Either way, the ports 105 on the sleeves 100A-C can communicate with the formation during treatment operations when the sleeves 100A-C are open. Opening and closing the sleeves 100A-C is discussed below. Any cement around the exposed ports 105 when the sleeves 100A-C are opened can be removed using standard techniques, such as jet cutting, acidizing, dissolving, breaking with pressure, etc.

To begin a treatment operation, operators deploy the motor 130 and the packer 150 on the coiled tubing 24 down the casing 14. As shown in FIG. 9A, the packer 150 deploys inside the insert 110 of one of the sleeves 100 to be opened. Operators start a pump in the pumping system (22) at the surface to operate the motor 130 and to set the packer 150 in the insert 110 of the sleeve 100.

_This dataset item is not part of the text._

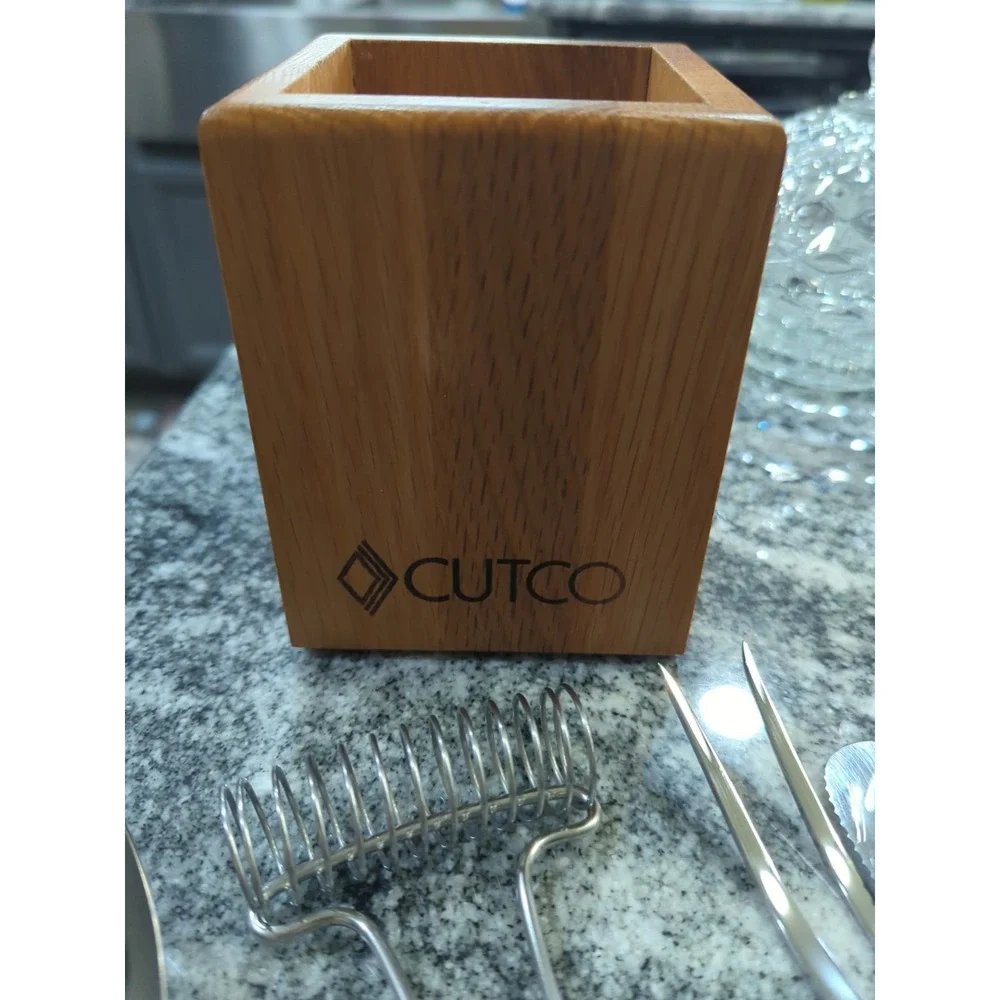 Cutco 4 Piece Kitchen Utensil Set & Wooden Holder Whisk Spoon Spreader Fork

As shown in FIG. 9B, for example, the packer 150 is located in the insert 110 with the locators 157. The packer 150 is then rotated by the motor 130 and is set by engaging the drag blocks 158 inside the sleeve 100. As the motor 130 continues to rotate the packer's mandrel 152 while the drag blocks 158 hold the packer's housing 155, the packing element 156 can be compressed to extend outward and engage inside the insert's internal surface 112.

Eventually, the motor 130 sets the packer 150 in the insert 110 so that rotation of the motor 130 rotates the packer 150 and the insert 110 together. As the set packer 150 rotates, the insert 110 on the sleeve 100 rides along the internal guide 106 and opens to expose the external ports 105, as shown in FIG. 9C. As will be appreciated, because the packer 150 is set inside of the insert 110, rotation of the packer 150 by the motor 130 transmits the torque to the insert 110, turning it around the internal guide 106 and eventually axially displacing it to the open position. Fluid pressure in the casing 14 can be applied against the set packer 150 to assist this movement of the insert 110.

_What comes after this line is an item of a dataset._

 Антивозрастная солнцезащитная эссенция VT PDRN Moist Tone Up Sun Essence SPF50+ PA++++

Once the sleeve 100 is open, a fluid treatment can be performed. Depending on whether any other sleeves 100 downhole on the casing 14 have been closed after being previously opened, then the packer 150 may or may not remain set in the insert 110. For example, if desired, the packer 150 may remain set in the insert 110 to at least partially prevent further communication of fluid treatment down the casing 14 past the packer 150.

Alternatively, if previously opened sleeves 100 further downhole on the casing 14 have been closed, then it is possible to remove the packer 150 from the insert 100 and proceed with treatment. To do this, operators pull the coiled tubing 24 into tension and continue to rotate the motor 130 to unset the packer 150. Any tension shoulder on the sleeve 100A is set above what is required to unset the packer 150. The packer 150 and motor 130 may then be run further downhole away from the open ports 105 of the sleeve 100, as shown in FIG. 9D, for example.

Likewise, if a lower sleeve (100) was not closed in previous operations, operators can run the motor 130 and packer 150 downhole, as shown in FIG. 9D, and can position it in a joint below. At this point, the packer 150 can then be set in the casing 14 to isolate the currently opened sleeve 100 from zones further downhole on the casing 14.

Either way, operators can perform the treatment operations by pumping fluid down the casing 14 so that the treatment fluid exits the opened ports 105 on the sleeve 100 and treats the formation through perforations, cracks, or the like in the cement (16). Alternatively, treatment can be pumped down the coiled tubing (24) and may be directed to the casing 14 and open ports 105 using any of a number of techniques, valves, and other devices. As discussion previously, for example, the sequencing valve (170: FIG. 5) disposed on the coiled tubing (24) upstream of the motor 130 may direct treatment fluid from the coiled tubing (24) into the casing 14 for passaged into the open ports 105. In another alternative, the motor 130 may have an internal bypass for passage of the treatment fluid therethrough to beyond the packer 150. These and other variations can be used.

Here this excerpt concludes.